The timing is not accidental. Robert F. Kennedy Jr., now serving as Secretary of Health and Human Services, has made reducing sugar consumption a priority. Earlier this year, the Trump administration began requiring hospitals and nursing homes to report on whether they serve sugary drinks and meals that fall short of Department of Agriculture standards. Kennedy has also recently pressured beverage makers directly over their sugar content, a move that drew sharp criticism from both industry and consumers who saw it as overreach. The QR code initiative suggests the beverage industry is moving to get ahead of what could become more aggressive regulation, offering transparency as a way to demonstrate good faith and head off stricter mandates.
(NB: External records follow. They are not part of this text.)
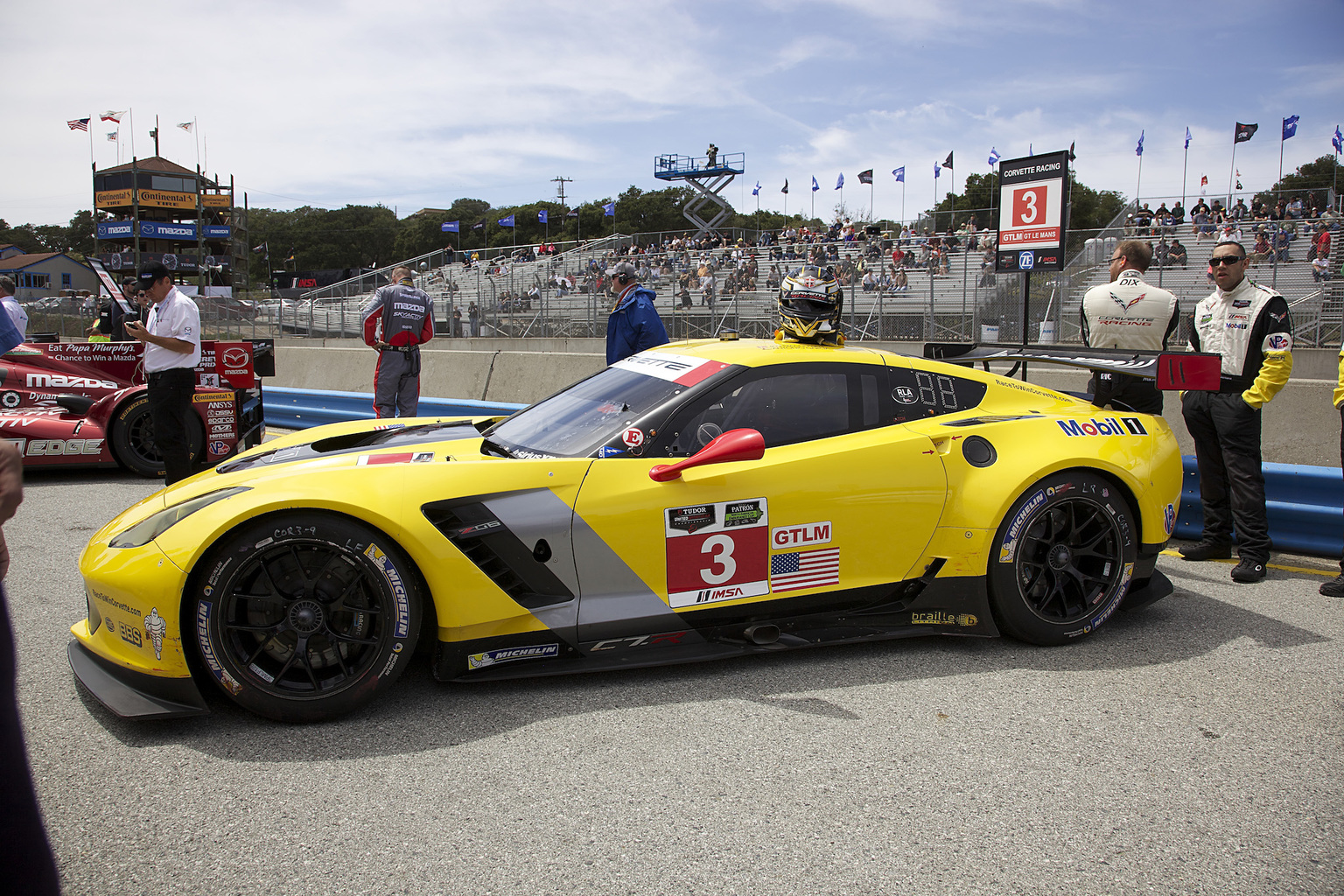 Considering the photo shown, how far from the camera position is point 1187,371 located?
4.01m

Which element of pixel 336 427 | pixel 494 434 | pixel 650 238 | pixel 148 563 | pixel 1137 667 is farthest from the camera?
pixel 650 238

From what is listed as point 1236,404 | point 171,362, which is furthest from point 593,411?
point 171,362

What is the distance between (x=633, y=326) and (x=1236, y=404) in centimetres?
400

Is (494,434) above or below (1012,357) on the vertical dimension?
below

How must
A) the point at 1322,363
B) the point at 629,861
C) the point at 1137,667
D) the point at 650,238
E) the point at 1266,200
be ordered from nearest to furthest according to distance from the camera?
the point at 629,861 → the point at 1137,667 → the point at 1322,363 → the point at 1266,200 → the point at 650,238

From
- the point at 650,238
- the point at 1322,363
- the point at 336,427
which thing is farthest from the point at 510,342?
the point at 336,427

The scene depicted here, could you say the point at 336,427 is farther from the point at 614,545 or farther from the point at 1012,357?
the point at 1012,357

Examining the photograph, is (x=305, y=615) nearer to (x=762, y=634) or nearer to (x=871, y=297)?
(x=762, y=634)

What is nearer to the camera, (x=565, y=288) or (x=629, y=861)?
(x=629, y=861)

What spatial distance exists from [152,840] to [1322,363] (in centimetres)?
1475

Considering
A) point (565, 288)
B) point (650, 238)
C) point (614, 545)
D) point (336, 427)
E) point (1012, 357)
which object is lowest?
point (614, 545)

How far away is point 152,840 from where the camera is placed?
230 centimetres

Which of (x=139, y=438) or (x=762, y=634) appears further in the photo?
(x=139, y=438)

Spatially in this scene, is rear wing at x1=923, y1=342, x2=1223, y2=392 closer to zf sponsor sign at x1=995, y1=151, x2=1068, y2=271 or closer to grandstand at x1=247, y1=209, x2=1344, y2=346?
zf sponsor sign at x1=995, y1=151, x2=1068, y2=271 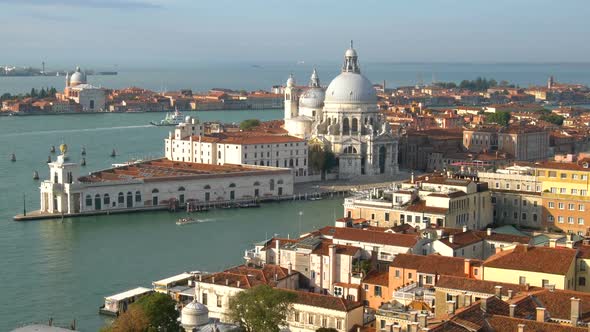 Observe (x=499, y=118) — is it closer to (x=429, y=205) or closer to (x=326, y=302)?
(x=429, y=205)

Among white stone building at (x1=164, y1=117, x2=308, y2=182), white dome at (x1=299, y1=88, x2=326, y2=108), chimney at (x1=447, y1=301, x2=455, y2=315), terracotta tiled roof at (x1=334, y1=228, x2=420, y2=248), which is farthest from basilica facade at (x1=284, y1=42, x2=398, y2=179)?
chimney at (x1=447, y1=301, x2=455, y2=315)

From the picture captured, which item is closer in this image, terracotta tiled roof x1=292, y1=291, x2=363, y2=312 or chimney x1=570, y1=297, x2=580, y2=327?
chimney x1=570, y1=297, x2=580, y2=327

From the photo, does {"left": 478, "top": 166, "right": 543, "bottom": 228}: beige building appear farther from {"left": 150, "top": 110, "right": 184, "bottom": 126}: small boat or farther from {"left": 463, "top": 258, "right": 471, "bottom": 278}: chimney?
{"left": 150, "top": 110, "right": 184, "bottom": 126}: small boat

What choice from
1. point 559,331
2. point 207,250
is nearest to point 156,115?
point 207,250

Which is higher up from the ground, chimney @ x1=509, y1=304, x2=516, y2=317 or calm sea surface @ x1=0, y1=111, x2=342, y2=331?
chimney @ x1=509, y1=304, x2=516, y2=317

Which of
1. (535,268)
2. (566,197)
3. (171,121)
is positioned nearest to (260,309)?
(535,268)

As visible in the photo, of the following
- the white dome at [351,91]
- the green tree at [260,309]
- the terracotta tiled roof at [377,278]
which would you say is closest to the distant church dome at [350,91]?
the white dome at [351,91]

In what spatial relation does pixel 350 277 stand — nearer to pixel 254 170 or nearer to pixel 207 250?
pixel 207 250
Consumers want greater transparency and deserve to have confidence in the safety of their foods and beverages
— Kevin Keane, CEO of the American Beverage Association
La Conversación del Hearth Otra perspectiva de la historia
Inventor

Why would Coca-Cola and Pepsi suddenly decide to be transparent about ingredients now, after decades of just printing them on the label?

Model

Because the pressure from Washington has shifted. Kennedy's making noise about sugar, and companies would rather control the narrative themselves than wait for a mandate.

Inventor

But the website doesn't even tell you which ingredients are in which drinks. Isn't that just theater?

Model

It's partial theater, yes. But it's also a real resource—140 ingredients explained, with safety data from the FDA. The trick is that it shifts the burden back to the consumer to match the reference material to their bottle.

Inventor

So they're being transparent about transparency itself, not about their actual products.

Model

Exactly. They're saying: here's what we use, here's why it's safe, now you go figure out which ones are in your drink. It's transparency with a built-in escape hatch.

Inventor

Do you think this actually changes anything for people who drink soda?

Model

For the curious person who scans the code and reads about L-Carnitine? Maybe. For someone buying a Coke on autopilot? Probably not. But it does signal that the industry knows the ground is shifting beneath them.

Inventor

What happens if Kennedy pushes harder?

Model

Then this becomes the baseline, and he'll demand something more specific—brand-by-brand breakdowns, maybe, or actual limits on what can be added. This is the industry's opening move.